Brief >>
What is needed is an exact transcription of every entry below.

■ ■ ■ ■

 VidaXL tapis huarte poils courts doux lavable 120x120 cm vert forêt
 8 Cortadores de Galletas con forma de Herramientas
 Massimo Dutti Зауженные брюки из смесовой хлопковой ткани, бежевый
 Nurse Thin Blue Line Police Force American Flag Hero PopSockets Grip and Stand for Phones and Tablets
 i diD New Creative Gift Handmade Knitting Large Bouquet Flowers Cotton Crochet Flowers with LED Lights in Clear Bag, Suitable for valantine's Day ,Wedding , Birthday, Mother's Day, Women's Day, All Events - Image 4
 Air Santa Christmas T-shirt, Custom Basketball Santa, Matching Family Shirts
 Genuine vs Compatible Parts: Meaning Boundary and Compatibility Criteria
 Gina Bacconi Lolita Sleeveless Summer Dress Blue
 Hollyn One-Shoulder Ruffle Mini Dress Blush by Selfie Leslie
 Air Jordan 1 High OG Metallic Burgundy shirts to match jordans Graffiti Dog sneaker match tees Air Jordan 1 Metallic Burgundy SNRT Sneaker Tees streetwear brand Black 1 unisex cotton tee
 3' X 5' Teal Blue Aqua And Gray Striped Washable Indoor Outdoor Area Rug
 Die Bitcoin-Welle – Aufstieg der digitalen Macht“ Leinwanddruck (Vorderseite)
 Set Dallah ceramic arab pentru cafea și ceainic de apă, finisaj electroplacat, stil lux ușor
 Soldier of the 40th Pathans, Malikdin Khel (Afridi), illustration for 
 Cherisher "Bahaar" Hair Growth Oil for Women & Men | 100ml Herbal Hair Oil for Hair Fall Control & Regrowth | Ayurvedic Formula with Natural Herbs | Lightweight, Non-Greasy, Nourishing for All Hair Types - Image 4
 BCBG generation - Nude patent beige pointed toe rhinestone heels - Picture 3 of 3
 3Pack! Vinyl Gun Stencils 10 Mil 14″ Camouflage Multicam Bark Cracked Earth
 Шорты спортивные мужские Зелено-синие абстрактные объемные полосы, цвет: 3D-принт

■ ■ ■ ■

Task answer >>
 VidaXL tapis huarte poils courts doux lavable 120x120 cm vert forêt
 8 Cortadores de Galletas con forma de Herramientas
 Massimo Dutti Зауженные брюки из смесовой хлопковой ткани, бежевый
 Nurse Thin Blue Line Police Force American Flag Hero PopSockets Grip and Stand for Phones and Tablets
 i diD New Creative Gift Handmade Knitting Large Bouquet Flowers Cotton Crochet Flowers with LED Lights in Clear Bag, Suitable for valantine's Day ,Wedding , Birthday, Mother's Day, Women's Day, All Events - Image 4
 Air Santa Christmas T-shirt, Custom Basketball Santa, Matching Family Shirts
 Genuine vs Compatible Parts: Meaning Boundary and Compatibility Criteria
 Gina Bacconi Lolita Sleeveless Summer Dress Blue
 Hollyn One-Shoulder Ruffle Mini Dress Blush by Selfie Leslie
 Air Jordan 1 High OG Metallic Burgundy shirts to match jordans Graffiti Dog sneaker match tees Air Jordan 1 Metallic Burgundy SNRT Sneaker Tees streetwear brand Black 1 unisex cotton tee
 3' X 5' Teal Blue Aqua And Gray Striped Washable Indoor Outdoor Area Rug
 Die Bitcoin-Welle – Aufstieg der digitalen Macht“ Leinwanddruck (Vorderseite)
 Set Dallah ceramic arab pentru cafea și ceainic de apă, finisaj electroplacat, stil lux ușor
 Soldier of the 40th Pathans, Malikdin Khel (Afridi), illustration for 
 Cherisher "Bahaar" Hair Growth Oil for Women & Men | 100ml Herbal Hair Oil for Hair Fall Control & Regrowth | Ayurvedic Formula with Natural Herbs | Lightweight, Non-Greasy, Nourishing for All Hair Types - Image 4
 BCBG generation - Nude patent beige pointed toe rhinestone heels - Picture 3 of 3
 3Pack! Vinyl Gun Stencils 10 Mil 14″ Camouflage Multicam Bark Cracked Earth
 Шорты спортивные мужские Зелено-синие абстрактные объемные полосы, цвет: 3D-принт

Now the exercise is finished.